If you discover a Linux package that will copy double-layer DVDs to single-layer medium in full (complete duplicates, the only difference being the single-layer as compressed data), I would appreciate you letting me know about it.

Problems You May Encounter (from PROBLEMS)

This script has only been tested and used with a couple different kinds of DVD ROM/Burners. Unfortunately, I don't have access to very much DVD hardware. It has been tested in a single DVD Burner machine and also in a machine with two DVDs, one reader and one burner.

The auto-discovery in the script is admittedly weak. It could be much better, however, without the hardware to check it out, I really cannot test it. If the auto-discovery of your DVD drives does not work properly, you can use the settings in the rmlcopydvdrc file to identify your DVD device.

Also, if you could please run the following command and send the results to me at <rmlcopydvd**AT**mcmurchy**DOT**com> I would appreciate it. With known information about additional DVD hardware I can promptly update the script and create a new distribution. Here is the command:

dvd+rw-mediainfo /dev/hdc

Of course, use a valid device file for your DVD. You don't have to have a DVD mounted or even one inserted in the drive. The first INQUIRY: line should contain the relevant information about your drive(s). Here are a couple of examples:

INQUIRY:                [YAMAKAWA][DVR-Y08         ][1.19]
INQUIRY:                [DVD-16X ][DVD-ROM BDV316E ][0052]

If you find a need to make a change to the scripts so that it will correctly function with your DVD device(s), please send your changes to <rmlcopydvd**AT**mcmurchy**DOT**com> so I can incorporate them into the distribution.

Porting Issues (from PORTING)

This script has only been tested and used on a GNU Linux operating system using bash as the shell. More testing using additional shells is necessary.

If you find a need to make a change to the scripts so that it will correctly function on other platforms, please send your changes to <rmlcopydvd**AT**mcmurchy**DOT**com> so I can incorporate them into the distribution.

Installation Instructions (from INSTALL)

INSTALLATION

Installation is straightforward and simple:

tar xf rmlcopydvd-x.x.x.tar.gz
cd rmlcopydvd-x.x.x
./configure --help

A couple configuration options of interest:

--with-player=player    where player is one of totem, mplayer, xine, etc.
--with-guiripper=ripper where ripper is a GUI DVD ripper (default=dvdrip)
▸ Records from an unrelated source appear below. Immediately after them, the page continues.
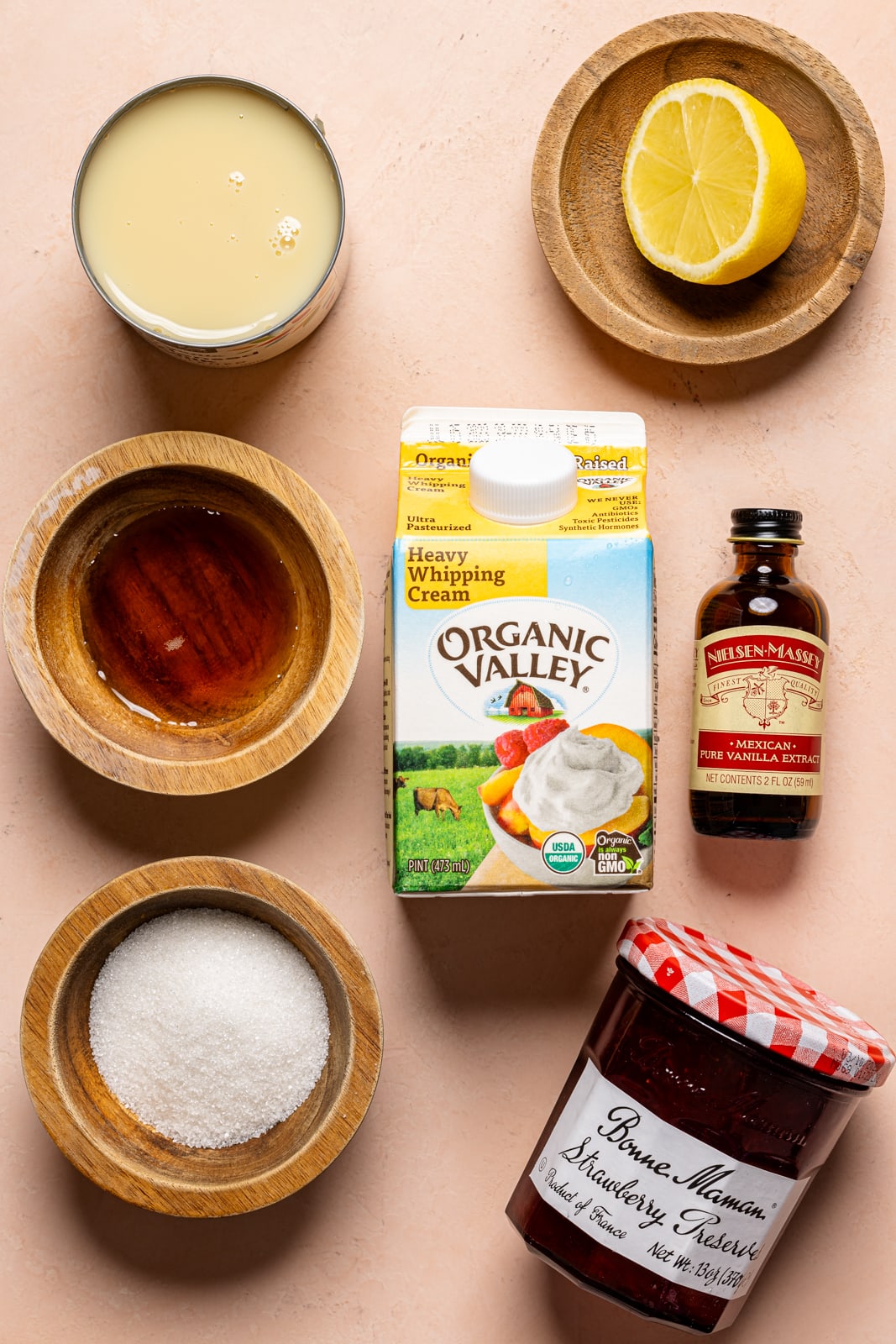 Ingredients on a peach table including heavy cream, jam, sugar, maple syrup, lemon, vanilla, and condensed milk.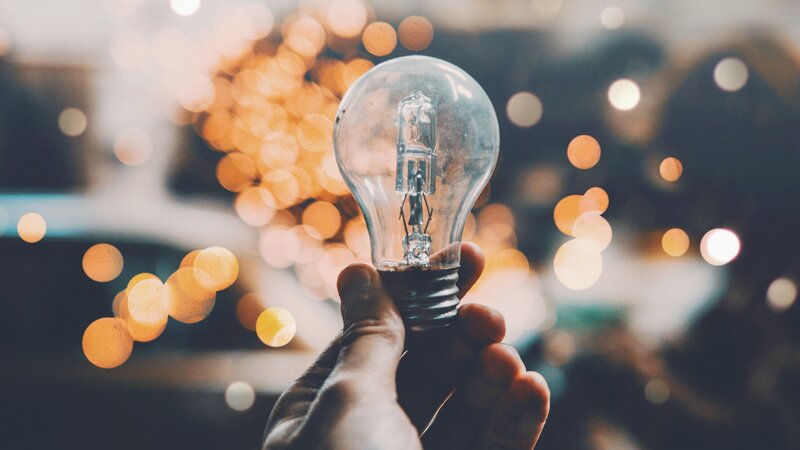 Hand Holding Light Bulb — White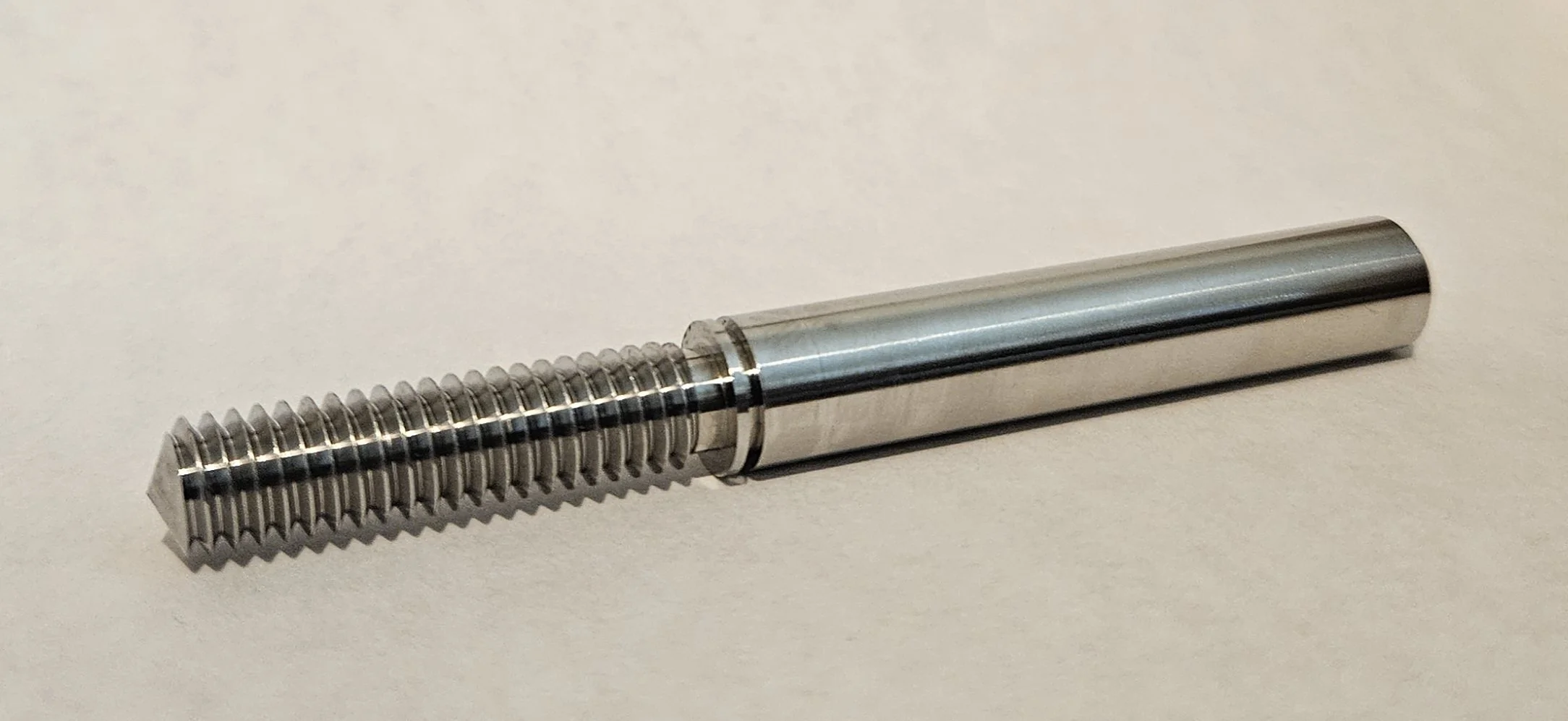 Custom Swiss machined threaded pin featuring precision external threads and tight-tolerance turned diameters. Designed for reliable fitment and repeatable production quality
You should consider setting SYSCONFDIR unless $prefix/etc is acceptable to you. There is one file (rmlcopydvdrc) which will be installed there. The default installation prefix is /usr/local. Then:

./configure
make
make install

There is no test suite for this package.

LIST OF INSTALLED FILES

The complete list of installed files is as follows:

$prefix/bin:

        rmlcopydvd

$prefix/etc (recommended to change this to /etc/rmlcopydvd via --sysconfdir):

        rmlcopydvdrc

$prefix/lib/rmlcopydvd:

        rmlcopydvd.functions
        rmlmessagebox.functions

$prefix/man/man1:

        rmlcopydvd.1

$prefix/man/man5:

        rmlcopydvdrc.5

$prefix/share/doc/rmlcopydvd-x.x.x:

        AUTHORS
        AUTOFOO
        ChangeLog
        COPYING
        INSTALL
        NEWS
        PORTING
        PROBLEMS
        README
        README.TOO
        THANKS
        TODO
        rmlcopydvd.html
        rmlcopydvd.txt

Creating a New Distribution (from AUTOFOO)

This distribution is created using the GNU Autotools: autoheader, aclocal, autoconf and automake. If you find a need (or desire) to recreate the configure script or Makefile in this distribution, the steps are as follows:

  1. Start with a freshly unpacked tarball.
  2. Make any desired modifications to the source files.
  3. Modify configure.ac and/or any of the Makefile.am files as required (if necessary)
  4. Run the following commands:

autoheader -f
aclocal --force
autoconf -f
automake -a -c

This should create a new configure script and Makefile.in files. If you wish to create a distribution, issue:

./configure
make distcheck

Note that these instructions won't create new documentation files. You must run the 'create-docs' make target in the 'docs' subdirectory by issuing "make -C docs create-docs" to rebuild the docs. This requires the txt2html and txt2man converters. Dependencies and download URLs for these packages can be found in the autogen.sh file.

GNU Autotools Commentary (from README.TOO)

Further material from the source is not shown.